Lastly, the involvement of non-governmental organizations (NGOs) and social capital in China’s land reclamation efforts are limited. While the Regulation encourages public involvement, the absence of structured mechanisms to engage non-governmental organizations (NGOs), local communities and private investors has hindered the development of community-based reclamation projects. On the international stage, the United Nations Convention to Combat Desertification (UNCCD) advocates for shared responsibility among governments, private enterprises and local communities. It emphasizes national action programs (NAPs) to encourage multi-stakeholder involvement, making land reclamation a collective effort rather than the responsibility of a single entity. Countries such as Australia, Israel and Chile have successfully implemented public–private partnerships (PPPs) and community-driven initiatives, aligning with the UNCCD’s principles (Eremin, Reference Eremin2023). China’s land reclamation framework places primary responsibility on enterprises, with limited opportunities for social capital involvement.

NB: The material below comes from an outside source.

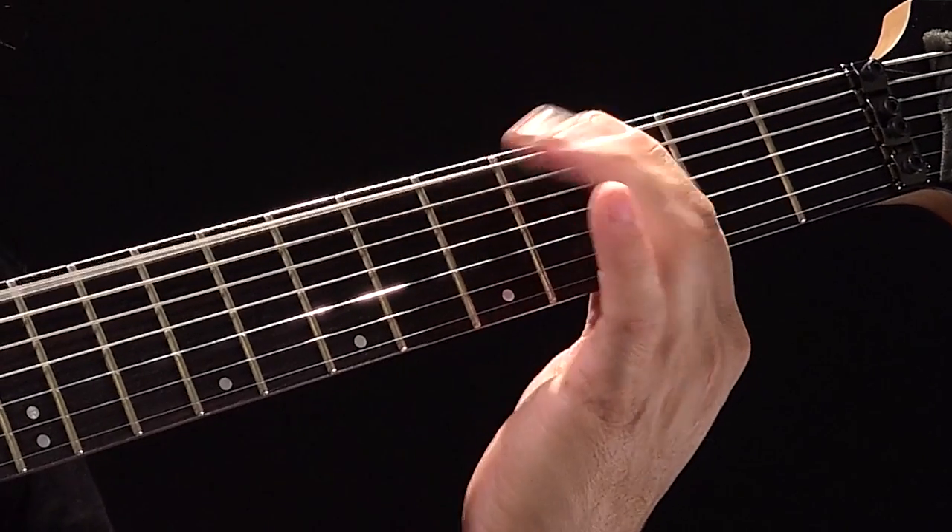The low end is tighter, and that's great for lower tunings, especially for me. I play 7 and 8 string guitars, and they all have different low tunings, so the low end must be a lot tighter.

While the Regulation encourages public participation, it lacks structured provisions to engage NGOs, local communities and private investors. As a result, reclamation efforts in China are largely driven by enterprises, without adequate collaborative input from communities or other stakeholders, limiting the effectiveness and sustainability of reclamation projects.
Global perspectives on land reclamation legislation and supervision and their implications for China
This section employs a comparative legal methodology to analyze international frameworks and governance practices pertaining to land reclamation, with particular focus on dryland ecosystems. The examination of representative jurisdictions is motivated by the growing interplay between domestic legal systems and international environmental norms. As China continues to engage with global environmental governance, its domestic land reclamation regime is increasingly shaped by – and itself contributes to – evolving international standards and global practices. By systematically evaluating the legal and policy approaches adopted in diverse socio-ecological contexts, this study seeks to identify transferable models and normative insights that can constructively inform the ongoing reform of China’s land reclamation legal framework.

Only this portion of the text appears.